> [What you are asked to do]: Transcribe, word for word and with nothing extra, the line containing "this 160×120 image." and each line that comes after it in the entries.

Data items
§

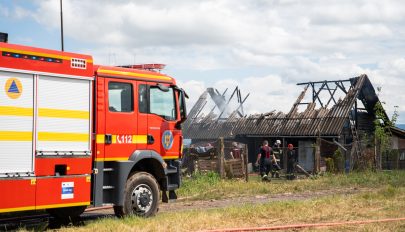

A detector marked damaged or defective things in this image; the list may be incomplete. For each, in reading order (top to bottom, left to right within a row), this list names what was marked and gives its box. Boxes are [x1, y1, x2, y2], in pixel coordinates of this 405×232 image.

burned building [183, 75, 404, 172]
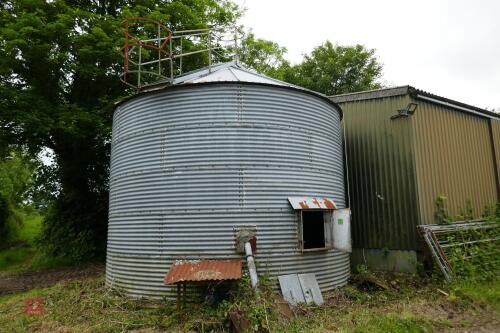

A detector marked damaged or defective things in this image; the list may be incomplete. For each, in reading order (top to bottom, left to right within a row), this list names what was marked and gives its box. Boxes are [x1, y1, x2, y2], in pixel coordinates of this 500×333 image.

rusty metal roof [164, 258, 242, 284]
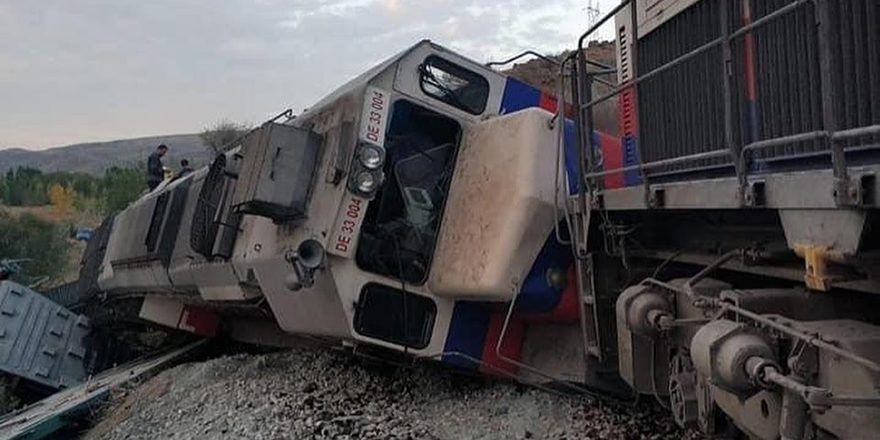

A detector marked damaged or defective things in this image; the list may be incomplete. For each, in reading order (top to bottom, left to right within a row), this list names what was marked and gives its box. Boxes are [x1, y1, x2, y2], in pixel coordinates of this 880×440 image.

rusty metal panel [0, 282, 90, 388]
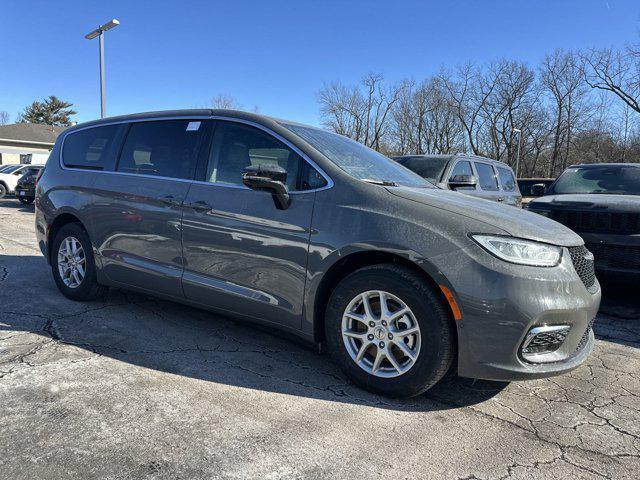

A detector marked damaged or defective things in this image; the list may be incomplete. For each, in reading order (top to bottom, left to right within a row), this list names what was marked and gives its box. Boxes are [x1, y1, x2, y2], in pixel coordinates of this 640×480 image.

cracked asphalt [0, 197, 636, 478]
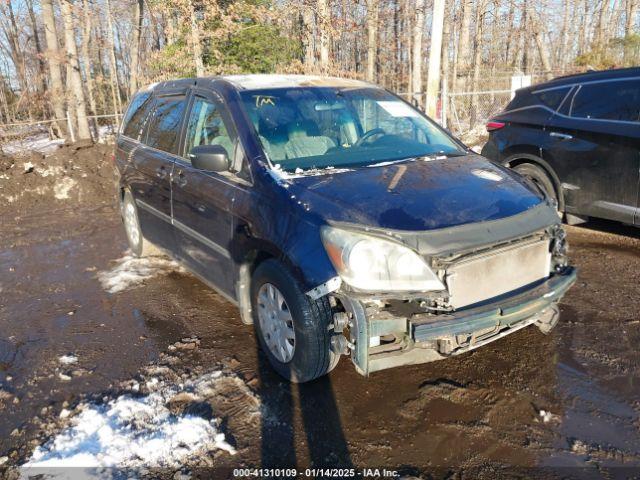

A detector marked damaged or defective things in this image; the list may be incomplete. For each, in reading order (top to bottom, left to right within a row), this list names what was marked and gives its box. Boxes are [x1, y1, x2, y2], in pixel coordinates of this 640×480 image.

damaged blue minivan [114, 75, 576, 382]
damaged front end [308, 202, 576, 376]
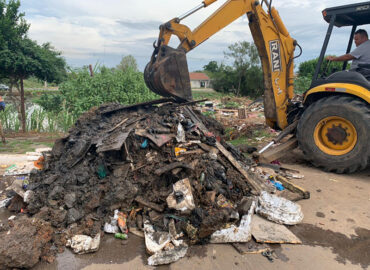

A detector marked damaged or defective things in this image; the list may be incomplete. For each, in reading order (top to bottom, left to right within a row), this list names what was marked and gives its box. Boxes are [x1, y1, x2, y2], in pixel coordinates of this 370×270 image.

broken wood plank [258, 138, 300, 163]
broken wood plank [134, 196, 163, 213]
broken wood plank [251, 215, 300, 245]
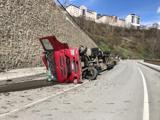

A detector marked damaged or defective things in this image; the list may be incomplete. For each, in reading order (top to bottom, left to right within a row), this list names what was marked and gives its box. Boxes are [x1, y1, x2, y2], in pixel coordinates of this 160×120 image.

overturned red truck cab [39, 35, 81, 83]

§

> [Written response]:
A detector marked damaged or defective things in this image; the list may be incomplete. For each, in reading order (top to bottom, left to right within a row), this list names what was marked and gives its box. Boxes are [x1, y1, x2, y2], in pixel coordinates of this 160×120 image.

overturned red truck cab [39, 35, 81, 83]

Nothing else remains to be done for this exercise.